Canada’s first 3D printed housing community to be built

Renewable energy firm, Horizon Legacy Group, publishes plans to build Canada’s first 3D printed housing neighbourhood.

It’s part of their ‘Marco Polo 100 Digital Build Challenge’, and the company is offering CAD$10 million to fund the R&D to revolutionise construction, build affordable housing for CAD$100/sq ft with 3D printing (3D printed housing), prefabrication, robotics or emerging technologies.
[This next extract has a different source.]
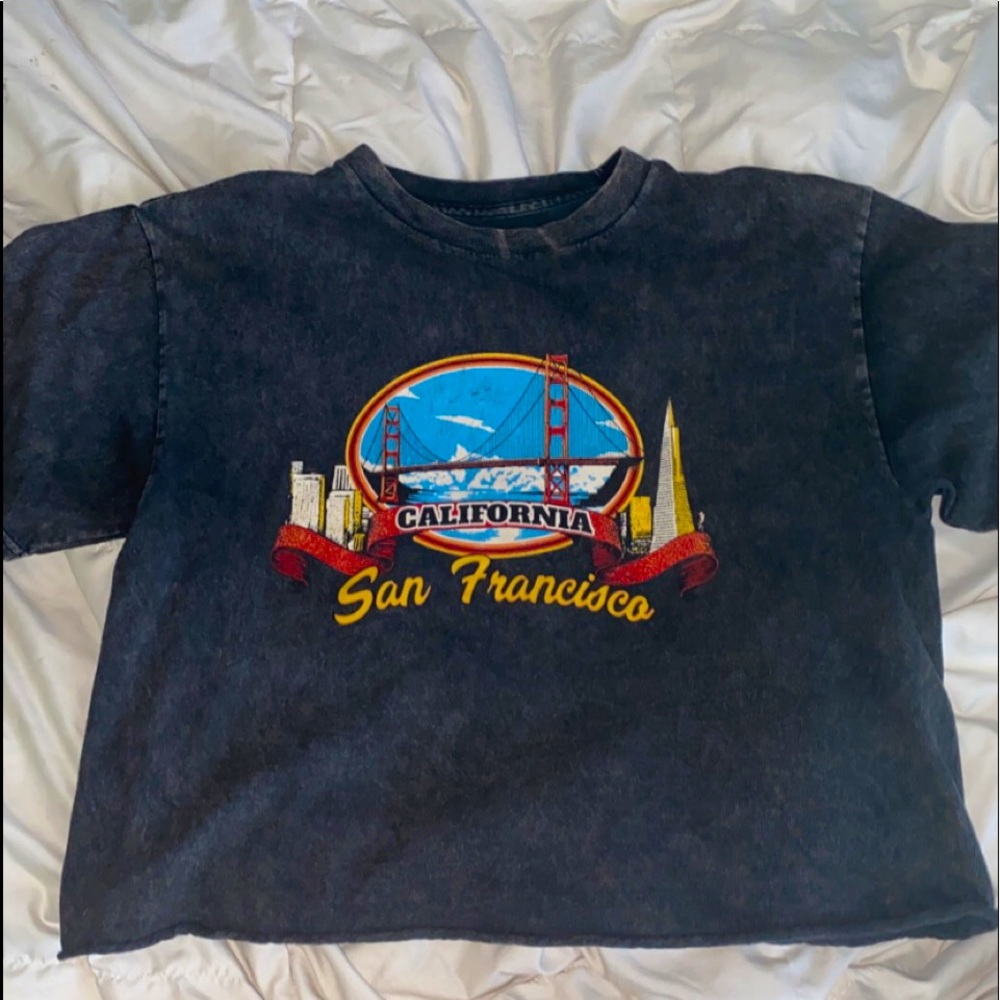 SF Cropped shirt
According to the group, the construction industry is making “very little progress” when it comes to house building processes, and many firms still use “century-old technologies.” To help accelerate the sector’s adoption of digital techniques, the Horizon Legacy Group established its ‘Marco Polo 100’ contest, through which it aims to develop approaches that represent a “qualitative leap” for the industry. 
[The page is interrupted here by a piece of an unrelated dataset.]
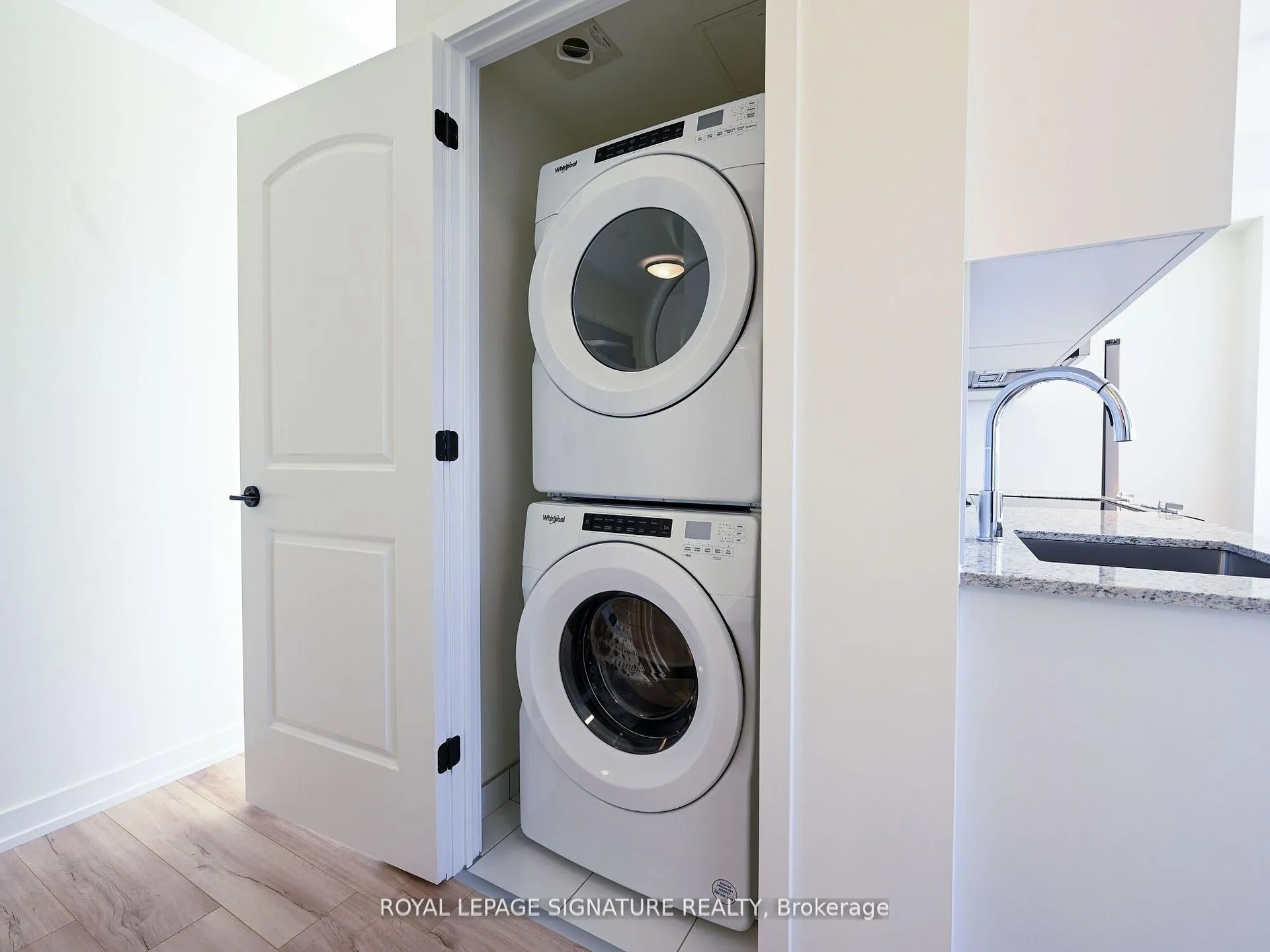 Photo 32 of Unit 304, 345 Wheat Boom Drive N, Oakville, Joshua Meadows — HOMEH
Stage 1 of the design challenge opened in October last year and received entries from more than 400 people in 60 countries. Having been assessed by a 12-member jury, with construction, 3D printing, prefabrication, robotics and engineering expertise, these approaches have now been reduced down to just six, which will enter initial trials over the next year. 

Winning designs included the ‘Scoolpt’ from the Czech Republic, ‘O-Cube’ from Canada and ‘Hivetat’ from the USA, as well as entries from CyBe, Imprimere and UBB Chile, from the Netherlands, Switzerland and Chile respectively.

All six finalists have agreed to work with Canadian architects to formalise their designs, obtain a local building permit and erect a small prototype structure. Judged on the same criteria as before, the resulting structures could then be narrowed down to just one approved build, although the Horizon Legacy Group has left the door open for each of the six designs to be realised. 

Watch the (lengthy) design submissions here:

Once these designs have gained the local approval needed, they’re then set to enter final construction from August 2022 in Gananoque, Ontario, a small 5000-strong rural community.

The contest’s backers hope that it “showcases innovative construction technologies,” and yields a process that “improves the efficiency and productivity” of house building while reducing the cost of homes for buyers.